## EXERCISE DETAILS
Within the records below, find the line with "Elina Pilates Mentor" and the line with "Leggings sportivi neri", then reproduce exactly those two lines and all lines between them, without any picture.

(Data items)
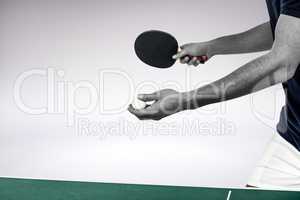 Composite image of male athlete playing table tennis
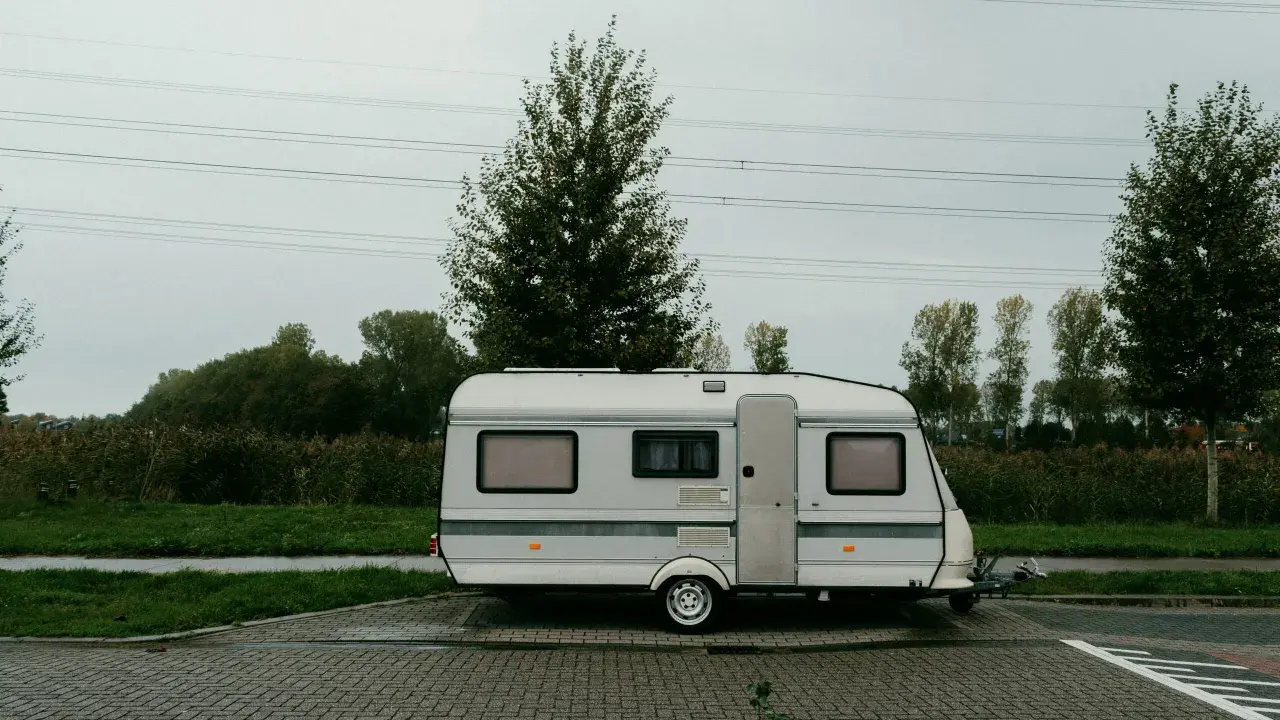 Ein weißer b96 wohnwagen steht auf einem gepflasterten Parkplatz, umgeben von grüner Wiese und Bäumen unter einem grauen Himmel.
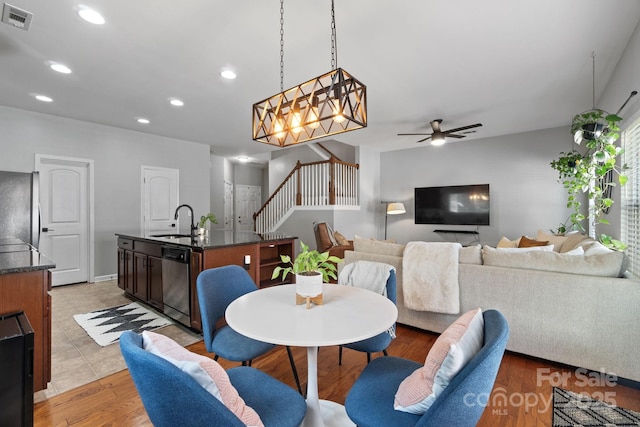 dining area featuring recessed lighting, stairway, ceiling fan, and light wood finished floors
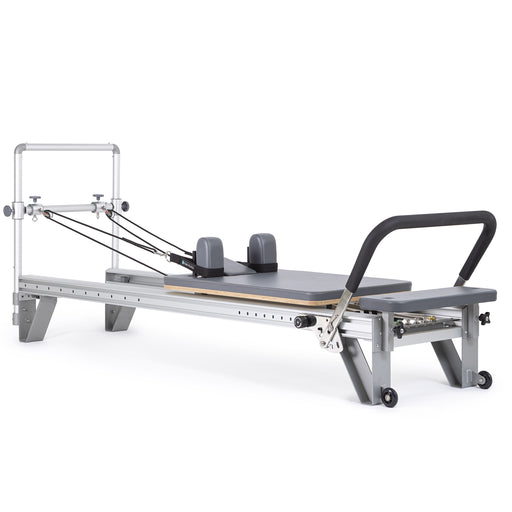 Elina Pilates Mentor Reformer in grey, angled studio view with mini tower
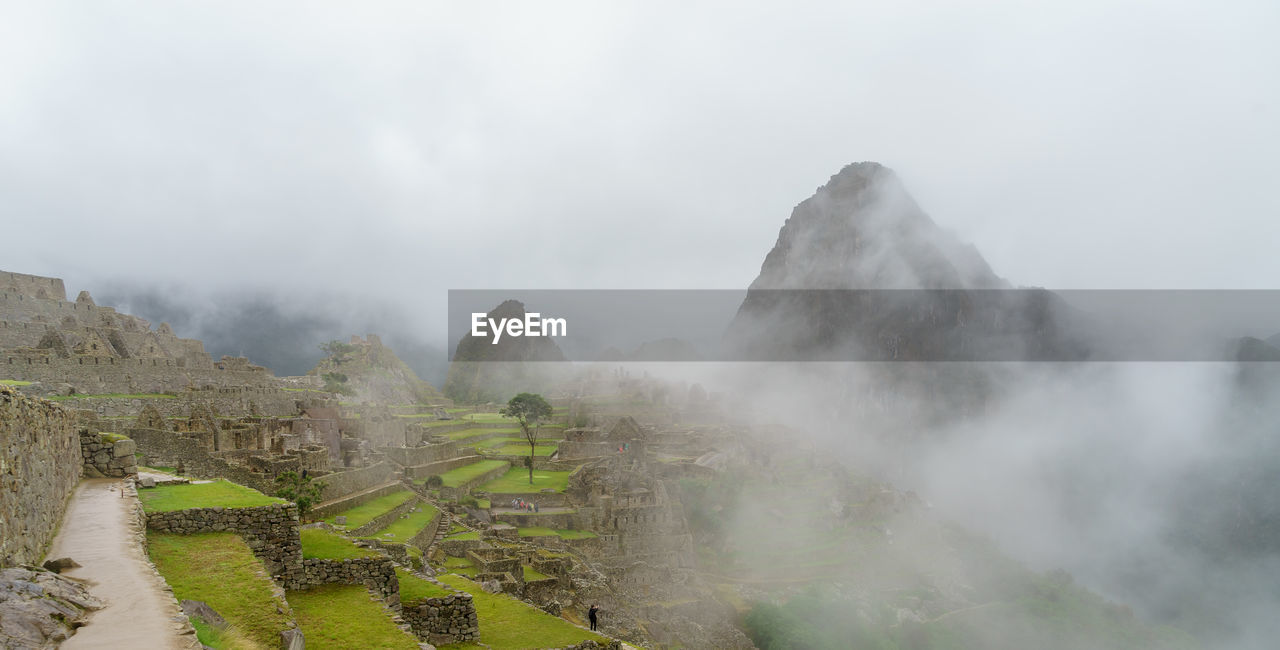 Rocky mountains at machu picchu during foggy weather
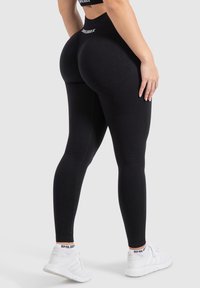 Leggings sportivi neri con vita alta, caratterizzati da un design texturizzato e cuciture a contrasto. Abbinati a scarpe da ginnastica bianche.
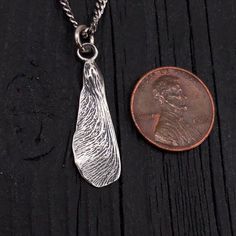 "Symbolic of rebirth and new relationships, a perfect silver maple key, cast directly from a real seed with every detail captured in sterling. Finished on all sides, it measures 1-1/16\" long not including the generous fixed bail on top." Nature-inspired Leaf Jewelry For Everyday, Everyday Nature-inspired Leaf Jewelry, Untreated Nature-inspired Pendant Jewelry, Button Studs, Key Pendant Necklace, Key Pendant, Jewelry Tree, Hand Cast, White Gift Boxes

## YOUR SOLUTION
 Elina Pilates Mentor Reformer in grey, angled studio view with mini tower
 Rocky mountains at machu picchu during foggy weather
 Leggings sportivi neri con vita alta, caratterizzati da un design texturizzato e cuciture a contrasto. Abbinati a scarpe da ginnastica bianche.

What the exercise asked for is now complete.